Advanced Usage

Metadata, Contexts and Scopes
Log Aggregation
- Common Use Cases
- Per Request Log Aggregation
Custom Metadata Keys
Caveats and Limitations
Grpc Context Propagation

For working code examples for advanced usage, see AdvancedExamples.java.

Metadata, Contexts and Scopes

Apart from basic logging and rate limiting, Flogger provides several advanced mechanisms for improving the value of log statements. While each of these has some value on its own, it is when they are used together that they have the most impact.

Simple Metadata

The first mechanism is Metadata, which provides a way to pass structured data to the backend. This allows for additional context to be passed to log statements, which can be emitted as part of the log output or used to control behaviour in a compatible logger backend.

To add your own metadata to a log statement, call with(key, value) as part of your log statement. Each metadata value is associated with a strongly typed MetadataKey instance, and the keys unambiguously identify the metadata to logger backends. Keys which are not known to a logger backend should generally be emitted as part of the log statement (this is the default behaviour for an unknown key).

In fact, you’ve already seen Metadata at work, it’s used for methods such as withCause(...) and withStackTrace(...), as well as any rate limiting. However, there are many more uses for it, and when combined with a metadata aware backend, it’s a very powerful mechanism.

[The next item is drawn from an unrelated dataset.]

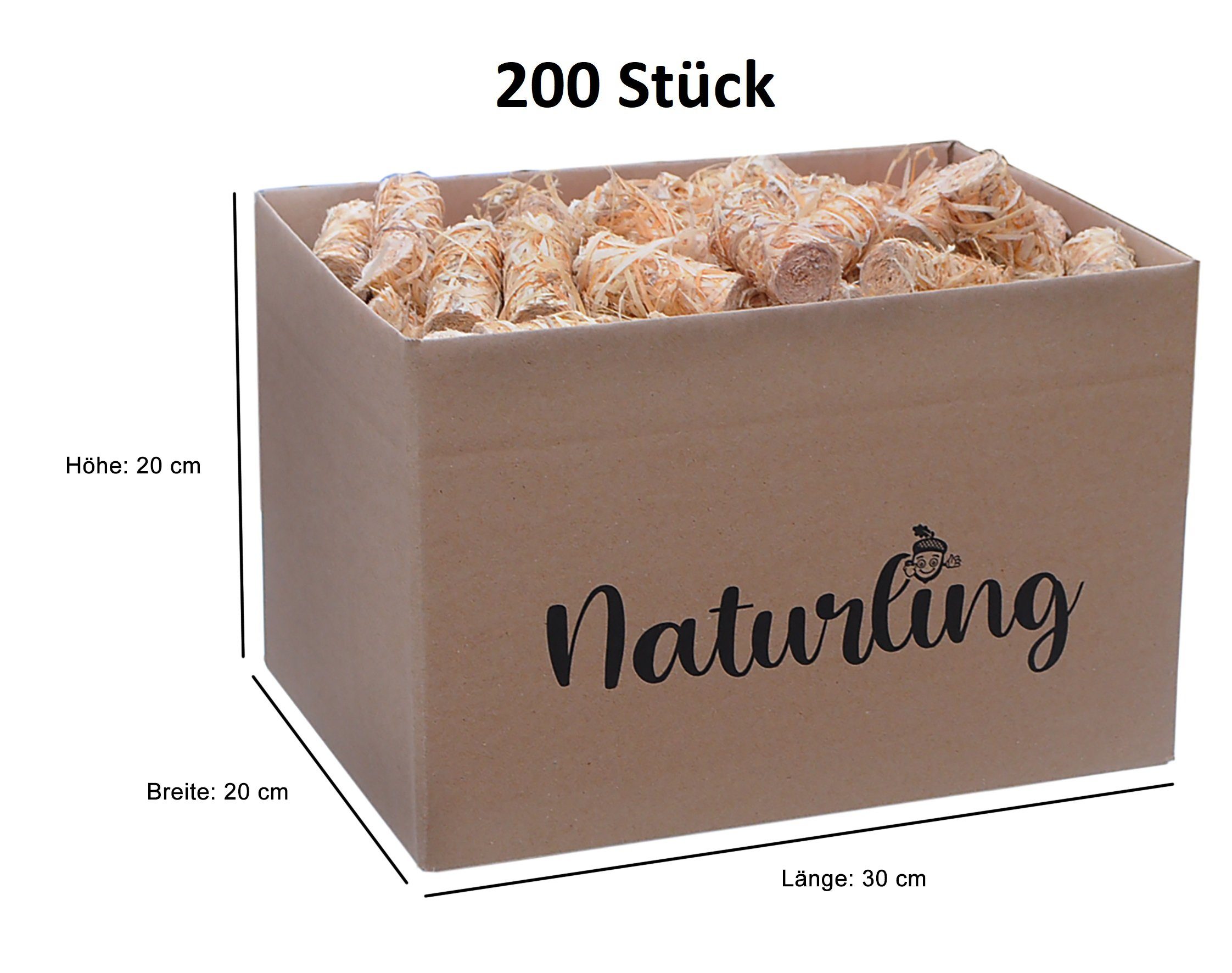 naturling Grillanzünder Holzwolle Anzünder gewachst, 2.5 kg, (200-St), natürliche Bio Anzündwolle für Kamin und Grill
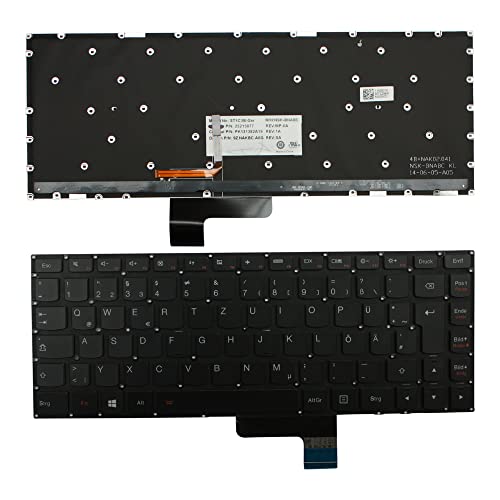 Clavier PC portable Lenovo Ideapad U430P Keyboards4Laptops rétro-éclairé noir allemand de rechange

The associated example code has some useful examples of defining and using metadata.

Logging Contexts

On its own, supplying metadata to a log statement at the log site is somewhat useful, but it still leaves the user needing to augment many log statements and doesn’t fix the problem of how to add context to log statements in code you don’t own.

To address this, Flogger provides the ScopedLoggingContext mechanism, which allows a block of code to be surrounded with a scope, which propagates metadata and other information to every log statement in the scope.

The logger context mechanism is based on Google’s gRPC Context API. Building logging contexts on top of an existing context mechanism allows existing code using that library to seamlessly get the advantages of logger contexts.

This means contexts can be nested and propagated between threads easily. When contexts are nested, the metadata they carry is merged such that any log statements will see the combined metadata for all the contexts they are in. For situations where order matters, contexts are ordered from outermost to innermost and any metadata added at the log-site is “last”.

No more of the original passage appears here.